Marguerite Radclyffe Hall - The Well of Loneliness
I
am one of those whom God marked on the forehead. Like Cain, I am
marked and blemished. If you come to me, Mary, the world will abhor
you ~ Radclyffe Hall.
Margaret
Radclyffe Hall (1883-1943) was born in the South East England coastal
resort of Bournemouth in Hampshire and travelled widely throughout
her life. Educated at King's College London and in Germany, she began
her writing career by publishing poetry, eventually collected into
five volumes. People sang the poems at concerts and even in drawing
rooms during the First World War. Radclyffe Hall lived in Rye in
Sussex from 1930-39 from where she travelled frequently to Italy and
France to be with another lover, Evguenia Souline.
In
1907, Radclyffe Hall met a society hostess called Mrs. Mabel Batten,
with whom she lived until Lady Batten died in 1916. Through Lady
Batten, Radclyffe Hall also met Una Troubridge, who became her
lifelong companion.
Marguerite
Radclyffe Hall and The Well of Loneliness
In
adult life, Marguerite Radclyffe Hall became "John" and in
her her lesbian novel, the father of the central protagonist desires
a son, so names his daughter "Stephen." Stephen loves men's
pastimes, riding and hunting and fencing. She dresses as a man and
has her hair cut short.
Her
father is fully aware of his daughter's sexual orientation, but she
is bewildered. She knows she is different but does not understand
why. Neither does her mother, Ann, but the husband does not enlighten
his wife about the sexuality of their daughter, and in this respect,
he commits a crime against them both. He and Ann, quarrel fiercely
about her inability to care for Stephen and her boyish ways. Ann
feels isolated, convinced that her husband and daughter are allied
against her.
"Tomorrow,"
thinks the unhappy father. "Tomorrow - tomorrow I'll tell her -
I can't bear to make her more unhappy today."
A
Butch/Femme Relationship
At
the beginning of the novel Stephen falls in love with a young woman,
but she is cruelly betrayed by her.

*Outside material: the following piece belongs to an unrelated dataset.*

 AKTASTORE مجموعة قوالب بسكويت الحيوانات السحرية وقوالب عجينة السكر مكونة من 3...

Later, while driving ambulances
in the First World War, she meets Mary, who becomes the love of her
life. But there are terrible consequences due to Stephen's fear of
rejection.
Stephen
Gordon and Mary Llewellyn conduct a relationship of the "butch/femme"
type. Stephen assumes the assertive, traditionally masculine role.

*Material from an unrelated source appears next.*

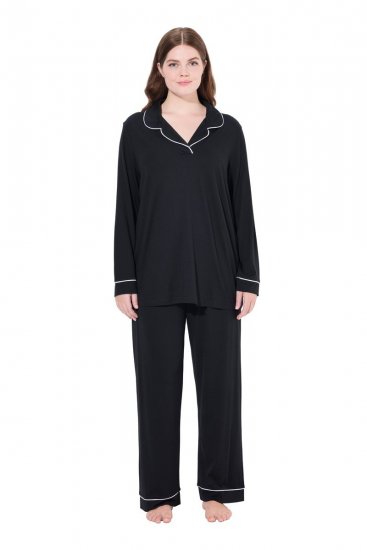 Ulla Popken 823030 Пижама с яка тип риза Черно - Пижами -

Mary, on the other hand, is feminine and submissive. Soon Stephen
suspects Mary is not a real, sexual invert, and this promotes more
confusion. Stephen thinks she is holding Mary back, and that Mary
would prefer a heterosexual male and her uncertainty leads to the
tramatic resolution of the novel. The butch/femme type of
relationship was the main model in early lesbian history although in
the 1960/70 some lesbians began to oppose it for being oppressive.
The
Well of Loneliness - A Cry for Lesbian Identity
This
novel caused a public outcry and was prosecuted in 1928 under the
Obscene Publications Act. Radclyffe Hall had simply wanted to write
an accurate description of "inversion" that would appeal to
people's understanding and acceptance. Radclyffe Hall believed that
lesbianism was congenital, which contradicted the view of many
suffragettes who claimed a woman could "choose to love"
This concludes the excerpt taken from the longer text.